--- START ---
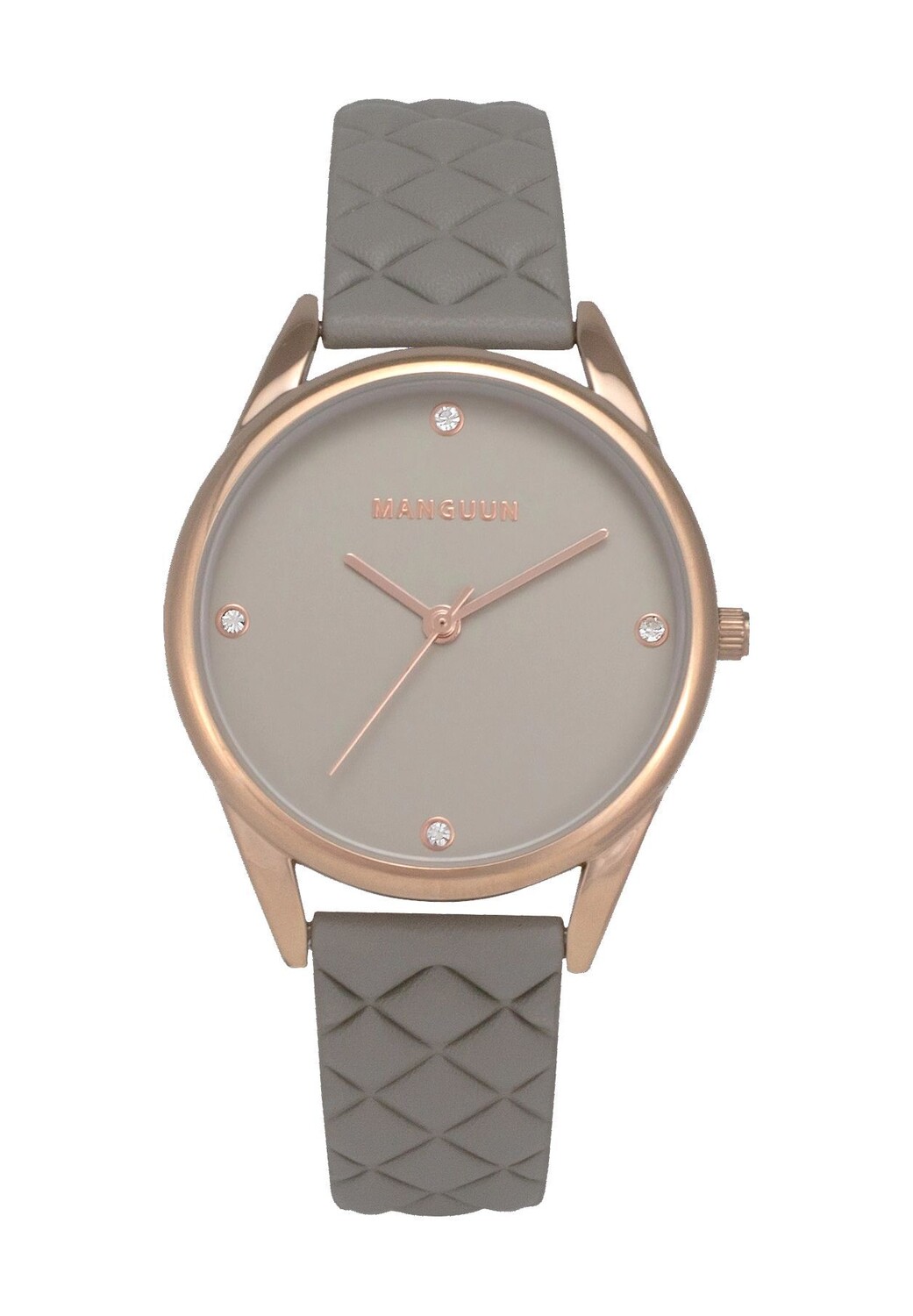 Женские часы Manguun, цвет Weiß2
Женские часы Manguun, цвет Weiß2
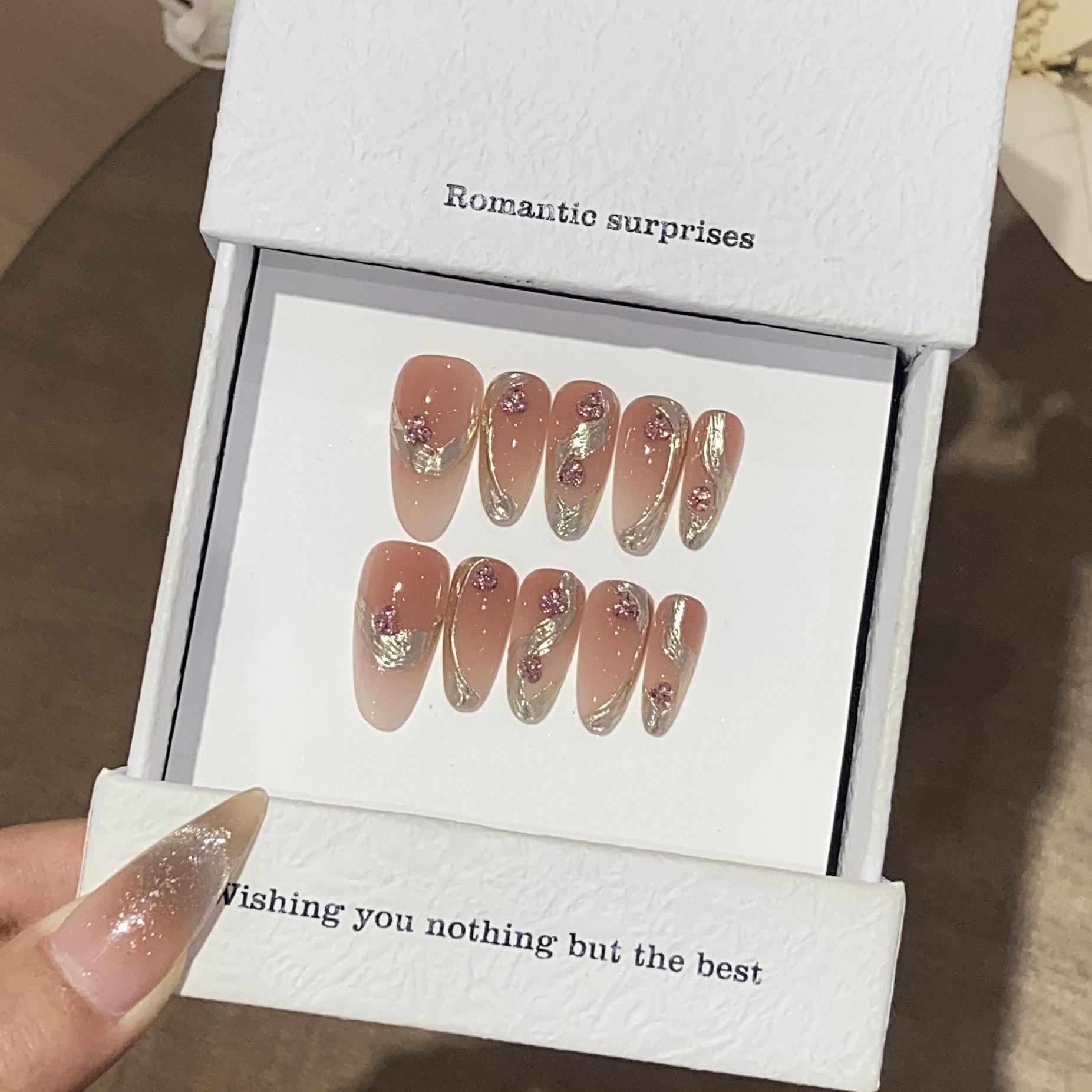 

Румяно-янтарный Аврора Волшебное Зеркало Маленькая Куча Алмазов Звездный Свет Драгоценный Камень Нашивка Броня L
--- END ---
Task requirements: Give back all the data exactly, minus pictures.

Exercise output:
 Женские часы Manguun, цвет Weiß2
Женские часы Manguun, цвет Weiß2

Румяно-янтарный Аврора Волшебное Зеркало Маленькая Куча Алмазов Звездный Свет Драгоценный Камень Нашивка Броня L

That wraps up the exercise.